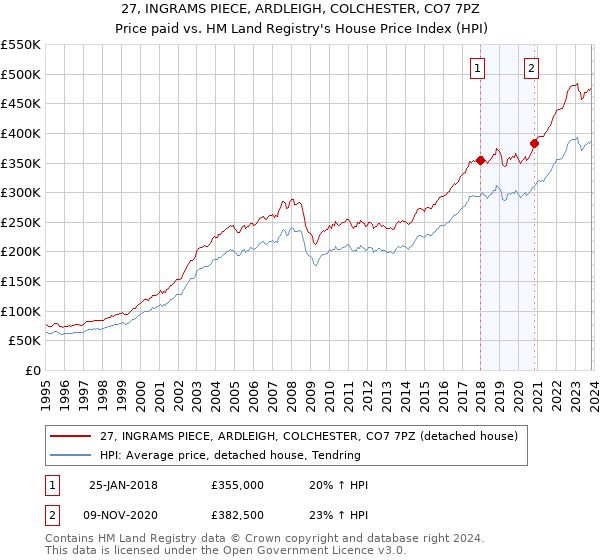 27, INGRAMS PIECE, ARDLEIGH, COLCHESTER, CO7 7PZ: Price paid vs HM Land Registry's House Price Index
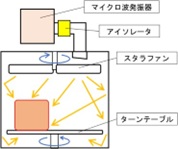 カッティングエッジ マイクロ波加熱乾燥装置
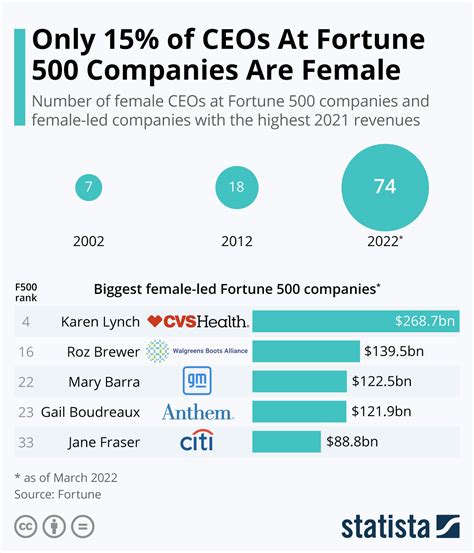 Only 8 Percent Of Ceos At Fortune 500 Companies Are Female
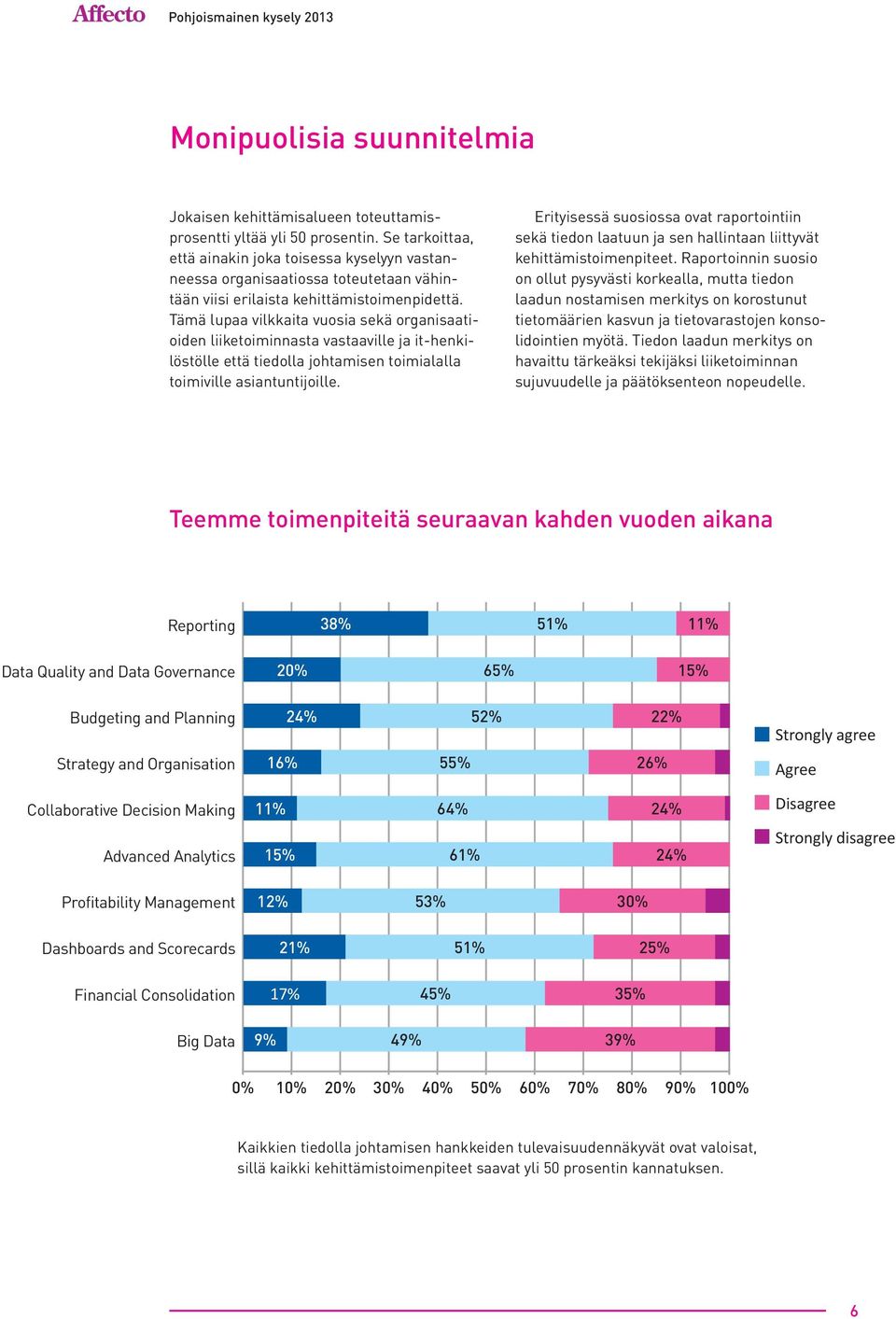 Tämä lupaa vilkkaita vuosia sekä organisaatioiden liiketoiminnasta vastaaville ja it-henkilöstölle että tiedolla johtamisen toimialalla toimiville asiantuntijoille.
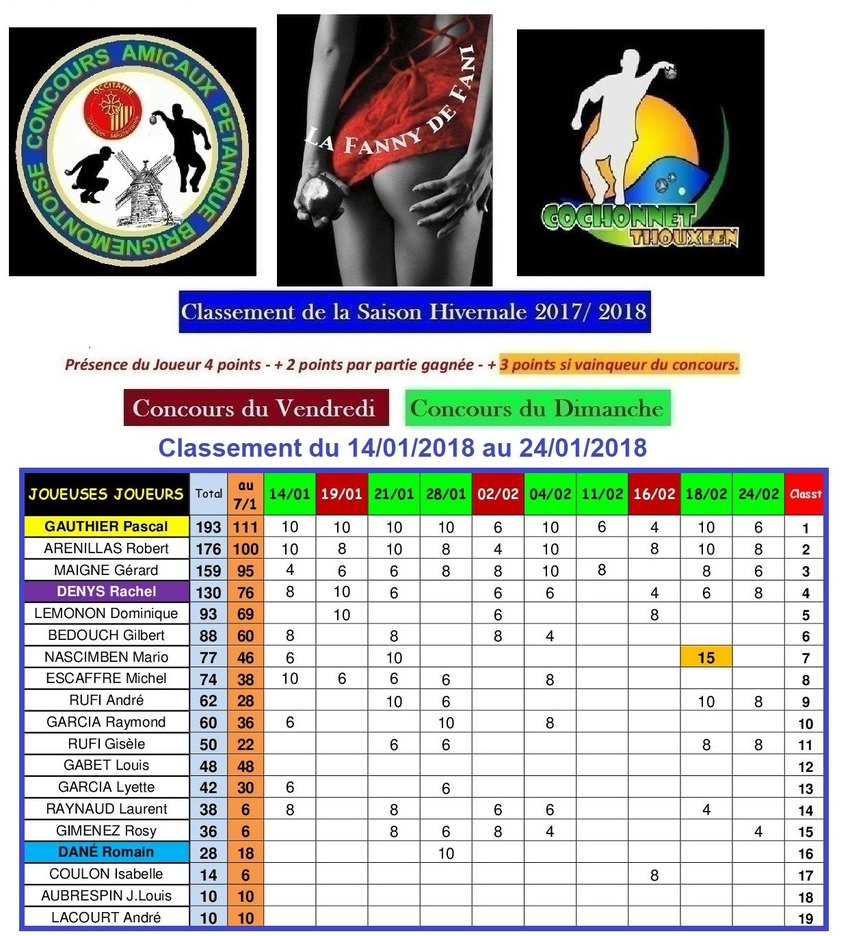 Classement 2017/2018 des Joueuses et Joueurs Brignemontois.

--

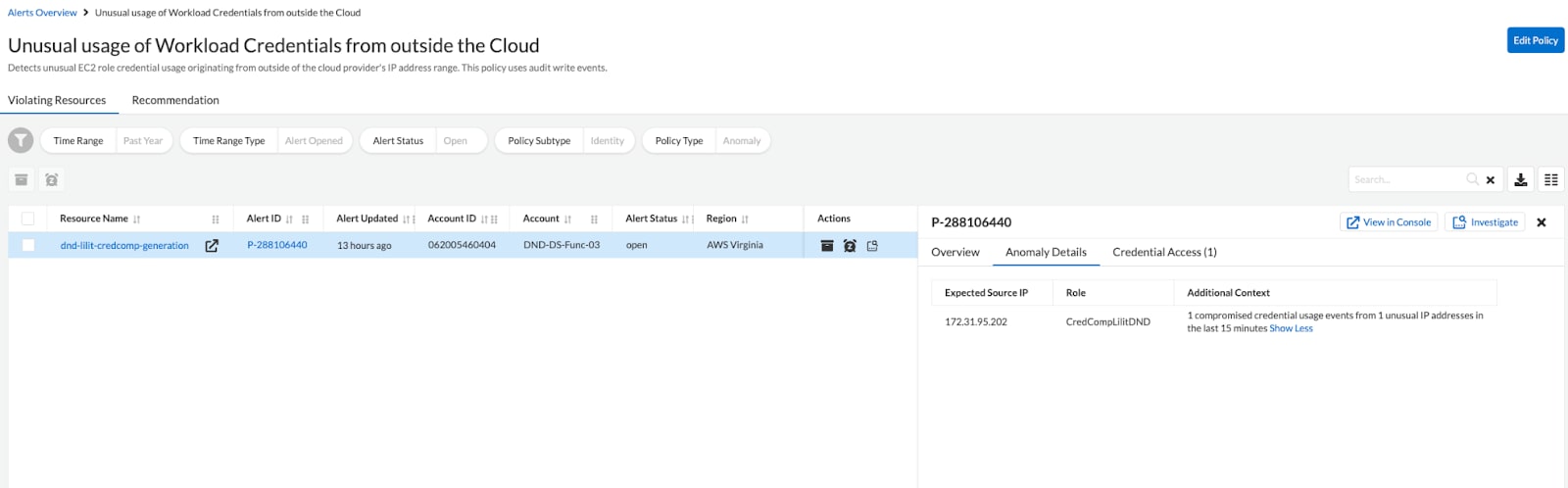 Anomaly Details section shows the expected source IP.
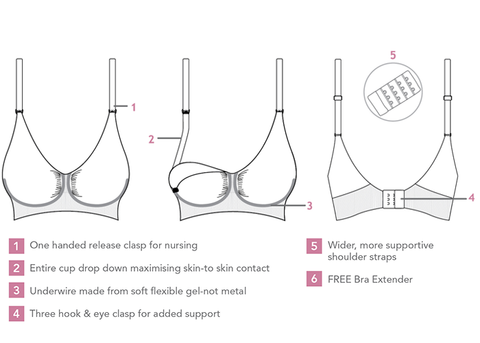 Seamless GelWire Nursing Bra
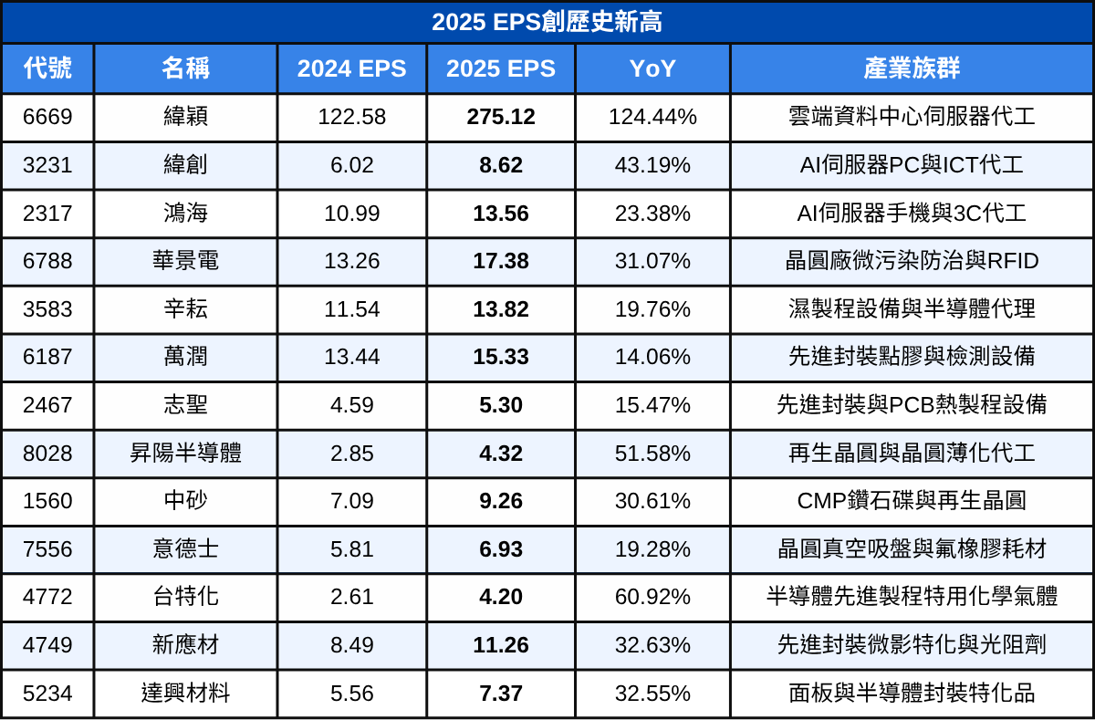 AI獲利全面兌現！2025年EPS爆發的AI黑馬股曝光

About this task |
Would you please reproduce the entries above, starting at the line with "27, INGRAMS PIECE, ARDLEIGH, COLCHESTER, CO7" and stopping after the line with "Classement 2017/2018 des"? Omit any pictures.

Written solution |
 27, INGRAMS PIECE, ARDLEIGH, COLCHESTER, CO7 7PZ: Price paid vs HM Land Registry's House Price Index
 カッティングエッジ マイクロ波加熱乾燥装置
 Only 8 Percent Of Ceos At Fortune 500 Companies Are Female
 Tämä lupaa vilkkaita vuosia sekä organisaatioiden liiketoiminnasta vastaaville ja it-henkilöstölle että tiedolla johtamisen toimialalla toimiville asiantuntijoille.
 Classement 2017/2018 des Joueuses et Joueurs Brignemontois.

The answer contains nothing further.